Question

A registered golden retriever has a litter of 11 puppies. Assume that the probability of a puppy being male is .5
1. Because the owner of the dof can expect to get more money for a male puppy, what is the most likely number of males in the litter? 
2. What is the probability at least 7 of the puppies will be male?

Accepted Answer

A registered golden retriever has a litter of 11 puppies. Assume that the probability of a puppy being male is .5

1. Because the owner of the dof can expect to get more money for a male puppy, what is the most likely number of males in the litter?

Let N be the number of males in the litter.

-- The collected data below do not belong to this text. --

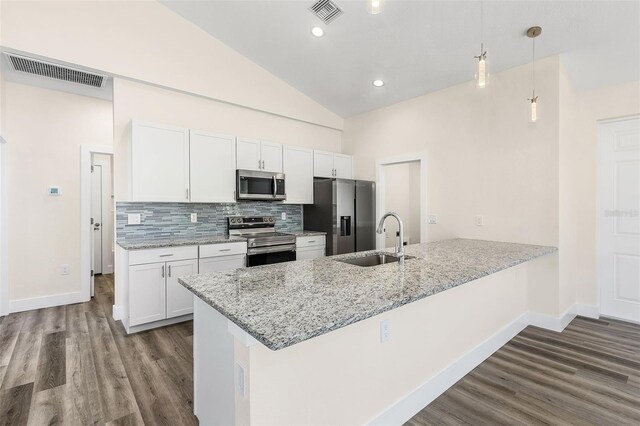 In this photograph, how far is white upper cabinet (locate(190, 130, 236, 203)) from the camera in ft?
11.8

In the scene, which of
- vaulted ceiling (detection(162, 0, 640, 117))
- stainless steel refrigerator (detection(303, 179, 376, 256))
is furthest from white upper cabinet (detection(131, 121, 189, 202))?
stainless steel refrigerator (detection(303, 179, 376, 256))

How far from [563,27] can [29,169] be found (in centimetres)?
593

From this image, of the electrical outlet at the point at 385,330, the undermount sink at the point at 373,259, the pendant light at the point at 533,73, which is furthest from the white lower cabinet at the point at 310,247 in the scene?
the pendant light at the point at 533,73

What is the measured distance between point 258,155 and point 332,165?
1329mm

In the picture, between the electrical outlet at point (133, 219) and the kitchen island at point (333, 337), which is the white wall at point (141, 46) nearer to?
the electrical outlet at point (133, 219)

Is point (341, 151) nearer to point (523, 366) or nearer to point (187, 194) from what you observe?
point (187, 194)

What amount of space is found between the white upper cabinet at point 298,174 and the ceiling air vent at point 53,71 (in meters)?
2.32

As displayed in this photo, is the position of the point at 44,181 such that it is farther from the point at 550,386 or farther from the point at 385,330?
the point at 550,386

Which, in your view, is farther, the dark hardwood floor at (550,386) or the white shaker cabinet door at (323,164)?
the white shaker cabinet door at (323,164)

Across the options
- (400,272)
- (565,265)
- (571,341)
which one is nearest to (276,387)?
(400,272)

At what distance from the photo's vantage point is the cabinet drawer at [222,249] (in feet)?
11.2

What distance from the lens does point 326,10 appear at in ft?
9.93

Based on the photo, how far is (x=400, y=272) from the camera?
188cm

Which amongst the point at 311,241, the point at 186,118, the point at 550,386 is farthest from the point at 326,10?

P(N = k) = \binom{11}{k} \cdot \frac{1}{2^{11}}

\max_{k} P(N = k) = \frac{\max_{k} \binom{11}{k}}{2^{11}} = \frac{\binom{11}{6}}{2^{11}} = \frac{\binom{11}{5}}{2^{11}} = P(N = 6) = P(N = 5)

So the most likely number of males is 6 or 5.

2. What is the probability at least 7 of the puppies will be male?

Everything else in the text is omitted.